* Data to process:
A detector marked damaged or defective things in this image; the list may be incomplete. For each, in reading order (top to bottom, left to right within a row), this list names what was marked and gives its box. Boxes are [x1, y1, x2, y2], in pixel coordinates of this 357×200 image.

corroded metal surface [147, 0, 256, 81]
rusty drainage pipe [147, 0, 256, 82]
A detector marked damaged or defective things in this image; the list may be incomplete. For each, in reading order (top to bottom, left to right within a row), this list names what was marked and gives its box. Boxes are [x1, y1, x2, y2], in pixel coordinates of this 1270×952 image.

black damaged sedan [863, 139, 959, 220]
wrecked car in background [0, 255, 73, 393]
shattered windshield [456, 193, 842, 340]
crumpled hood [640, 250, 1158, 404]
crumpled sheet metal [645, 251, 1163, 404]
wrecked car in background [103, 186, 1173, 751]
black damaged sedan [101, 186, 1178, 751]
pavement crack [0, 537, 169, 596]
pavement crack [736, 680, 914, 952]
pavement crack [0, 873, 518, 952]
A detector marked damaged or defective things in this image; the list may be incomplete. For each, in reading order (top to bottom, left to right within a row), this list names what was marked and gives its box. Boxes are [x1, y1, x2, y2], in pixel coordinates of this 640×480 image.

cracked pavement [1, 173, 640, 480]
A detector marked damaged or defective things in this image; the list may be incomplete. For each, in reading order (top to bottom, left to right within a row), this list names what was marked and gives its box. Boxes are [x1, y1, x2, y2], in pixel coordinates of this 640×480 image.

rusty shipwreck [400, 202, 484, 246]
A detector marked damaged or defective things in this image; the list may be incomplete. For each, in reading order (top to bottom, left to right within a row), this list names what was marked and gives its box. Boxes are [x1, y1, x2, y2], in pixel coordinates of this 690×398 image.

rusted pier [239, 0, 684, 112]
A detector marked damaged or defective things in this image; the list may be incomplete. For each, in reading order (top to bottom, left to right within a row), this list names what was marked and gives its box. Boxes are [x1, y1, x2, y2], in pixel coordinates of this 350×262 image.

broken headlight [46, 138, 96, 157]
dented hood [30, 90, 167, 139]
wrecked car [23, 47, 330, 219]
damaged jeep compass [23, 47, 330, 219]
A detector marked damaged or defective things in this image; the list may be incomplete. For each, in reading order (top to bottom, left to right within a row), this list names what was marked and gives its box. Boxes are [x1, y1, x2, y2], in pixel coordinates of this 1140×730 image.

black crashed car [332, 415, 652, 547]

* Task: One line contains "this 690×398 image.". Return that line and every later line through the end of the listing above, exactly, and nothing else.

* Expected answer:
A detector marked damaged or defective things in this image; the list may be incomplete. For each, in reading order (top to bottom, left to right within a row), this list names what was marked and gives its box. Boxes are [x1, y1, x2, y2], in pixel coordinates of this 690×398 image.

rusted pier [239, 0, 684, 112]
A detector marked damaged or defective things in this image; the list may be incomplete. For each, in reading order (top to bottom, left to right within a row), this list names what was marked and gives its box. Boxes are [x1, y1, x2, y2], in pixel coordinates of this 350×262 image.

broken headlight [46, 138, 96, 157]
dented hood [30, 90, 167, 139]
wrecked car [23, 47, 330, 219]
damaged jeep compass [23, 47, 330, 219]
A detector marked damaged or defective things in this image; the list may be incomplete. For each, in reading order (top to bottom, left to right within a row), this list names what was marked and gives its box. Boxes are [x1, y1, x2, y2], in pixel coordinates of this 1140×730 image.

black crashed car [332, 415, 652, 547]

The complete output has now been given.